The last two years mark truly amazing efforts by the disability, veterans, business, faith, and civil rights communities to secure the votes needed to ratify the treaty. Advocates have worked tirelessly to dispel the myths spun by opponents and gain the votes of six additional Republican Senators. Through press conferences, rallies, and meetings, advocates from a variety of communities came together to fight for the protections of people with disabilities everywhere.
In July, VetsFirst played a key role in pro-treaty events. The first event was a press conference with former Senate Majority Leader Bob Dole, Senator John McCain, Senator Kelly Ayotte, Senator Tom Harkin, Senator Mark Kirk, and other leading veterans organizations in support of ratifying the Disabilities Treaty. This event was a critical show of support from the veterans community and created a lot of energy in support of ratification. The following week VetsFirst spoke to disability advocates from around the country at a rally on Capitol Hill.

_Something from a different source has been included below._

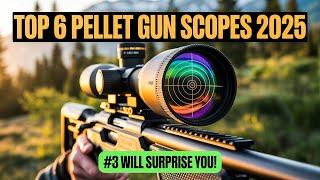 Top 6 Best Scope For Pellet Gun 2025!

Despite these efforts, ratification of the treaty has remained just out of reach. However, advocates have done an amazing job of telling their Senators why we need to extend the types of protections and freedoms found in the ADA to the world. We also have raised significant awareness about why advocacy on the world stage is important for Americans with disabilities who travel, work, and live abroad.
Next year will bring a new Senate with new members who don’t know about the treaty. With the retirement of our champion Senator Harkin, we will be losing a valiant fighter for the disability community. The fight for the treaty has shown us, however, new supporters in the Senate from both sides of the aisle who have championed our efforts.
As the Senate changes hands, any further efforts to ratify the treaty remain uncertain. At the end of the session, it will return to the jurisdiction of the Senate Foreign Relations Committee where it will remain until acted on by the committee. We hope that we will be able to find ways in the coming year to pursue the ideals of the Disabilities Treaty, and if possible, ratification of the treaty itself.
We remain hopeful that new champions will lead us down new paths that create access to opportunities for all people living with disabilities.